Conscientes de leur pouvoir d’attraction, les marques chinoises parlent « jeune » : « Xiaomi, concurrent de Huawei, va ouvrir en France sa quatrième boutique pour ses « mi fans », invités chaque année à profiter des ventes flashs et promotions au Mi Fan Festival », poursuit la journaliste du Monde.

Absence d’illusions

L’imaginaire US serait-il en train de perdre son pouvoir de fascination ? C’est une évidence pour une adolescente citée dans l’article, selon laquelle le modèle américain n’est en rien supérieur au modèle chinois. « En Chine, il y a la censure, c’est vrai. Mais ils ne nous vendent pas du rêve. Avec eux, on sait à quoi s’attendre. On se sent moins manipulés. »

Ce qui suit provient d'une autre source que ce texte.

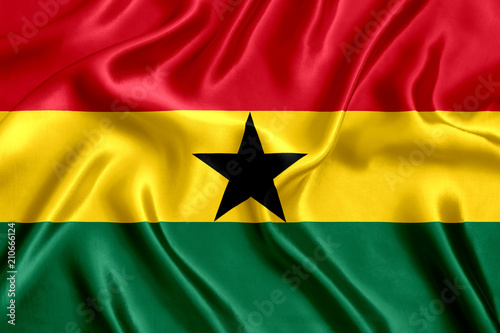 Flag Ghana silk photo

Cette analyse désabusée qui laisse peu de place à l’idéalisme se retrouve dans l’étude de Kantar publié en début d’année sur ‘l’image de la Chine auprès des Français’. Selon l’entreprise d’études et de conseil, près d’un Français sur deux estime que la Chine est en avance sur la France dans le domaine technologique et numérique contre seulement 19% d’un avis contraire – et cet avis est encore davantage partagé par les plus jeunes

Par ailleurs, 31% des Français pensent que la Chine constitue plutôt une opportunité pour la France sur le plan diplomatique contre 17% une menace. « A noter que sur ces dimensions diplomatiques et politiques (et contrairement à ce que l’on observe en matière économique), les jeunes se montrent plus méfiants ou critiques que leurs ainés », souligne Kantar. Cette génération serait donc prête à se laisser séduire par des marques et certains éléments de la culture, mais pas par ‘le rêve chinois’.